题目：Surface Polaritons in Micro/Nanostructures for Tailoring Thermal Radiative Properties
Professor Zhuomin Zhang earned a Ph.D. degree from MIT and worked at NIST and
University of Florida prior to joining Georgia Tech in 2002. He received his B.S. and M.S. degrees from the University of Science and Technology of China (Hefei). His research interests are in micro/nanoscale heat transfer especially nanoscale thermal radiation for energy conversion and temperature measurement. He has written a book on Nano/Microscale Heat Transfer (McGraw-Hill, 2007), co-authored over 190 journal papers, and given over 380 invited and contributed presentations. A number of his former students have established independent careers at major universities or industry in the United States, China (mainland and Taiwan) and South Korea. In addition, he has supervised many visiting scholars, postdoctoral fellows and undergraduate student researchers. Dr.
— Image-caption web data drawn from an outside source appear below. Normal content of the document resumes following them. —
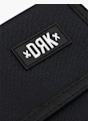 DRK Pénztárca fekete 90963 5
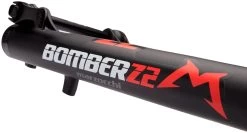 Marzocchi Bomber Z2 29" Rail Sweep-Adj Tapered Boost -Fahrradladen Marzocchi 912 01 060 Bomber Z2 29 Rail Sweep Adj Tapered Boost 4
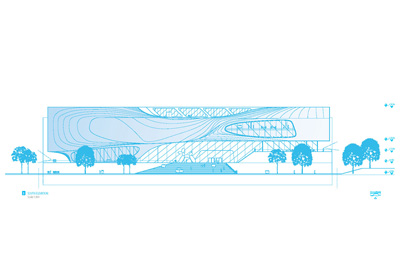 Taipei Museum Volkan Alkanoglu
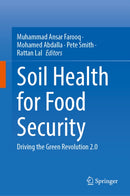 Soil Health for Food Security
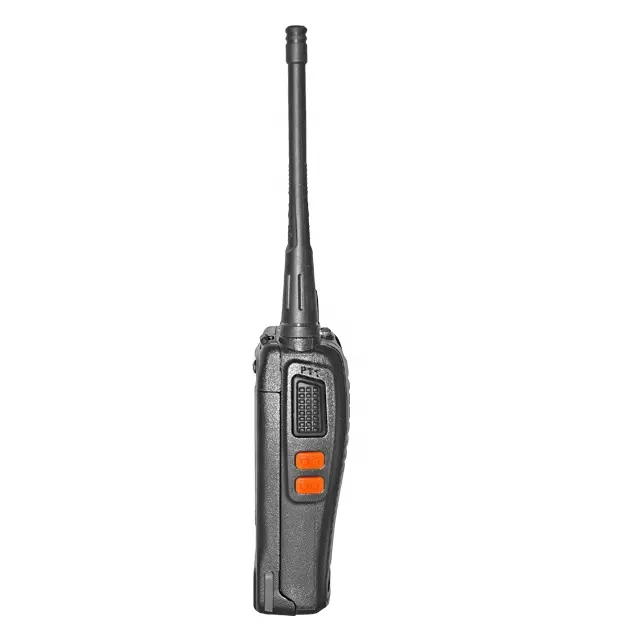 RADIO COMUNICACIÓN MULTICOLOR WALKIE TALKIES INFORMACIÓN RONDON - 4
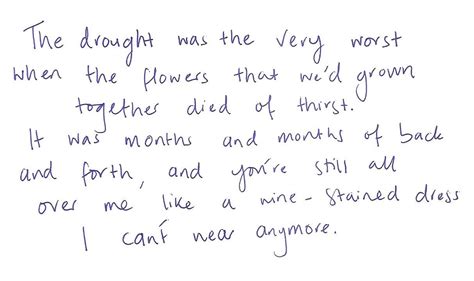 Taylor Swift Clean Whitepaperlyrics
Zhang currently serves as an associate editor of the Journal of Thermophysics & Heat Transfer and the Journal of Quantitative Spectroscopy & Radiative Transfer. He served as the Program Chair of the ASME 3rd Micro/Nanoscale Heat & Mass Transfer International Conference (Atlanta, March 2012), Chair of the 2nd International Workshop on Nano-Micro Thermal Radiation (Shanghai, June 2014), and General Chair for the ASME 5th Micro/Nanoscale Heat & Mass Transfer International Conference (Singapore, January 2016). Dr. Zhang is a Fellow of ASME, AAAS, and APS, and an Associate Fellow of AIAA. He was a recipient of the 1999 Presidential Early Career Award for Scientists and Engineers (PECASE) and the 2015 ASME Heat Transfer Memorial Award.
There have been numerous studies on the spectral and directional control of thermal radiation such as coherent thermal emission, spectrally selective emitters or absorbers, extraordinary optical transmission, resonance perfect absorption, and wideband perfect absorption. Many of the metamaterial structures have a relatively small total thickness and are fabricated onto a substrate. They are sometimes called metasurfaces when the patterned structure has subwavelength thickness. The concept and term of polaritons were introduced in the 1950's to describe the coupling between photons and quasiparticles (such as plasmons, phonons, and excitons) in solids. Surface plasmon/phonon polaritons often play a significant role in the electromagnetic wave interactions with nanostructured materials. This presentation will review the basics of both bulk and surface polaritons. Several examples of using micro/nanostructures and metamaterials to excite surface plasmon/phonon polaritons (including magnetic, hyperbolic and hybrid polaritons) for tailoring the far-field radiative properties.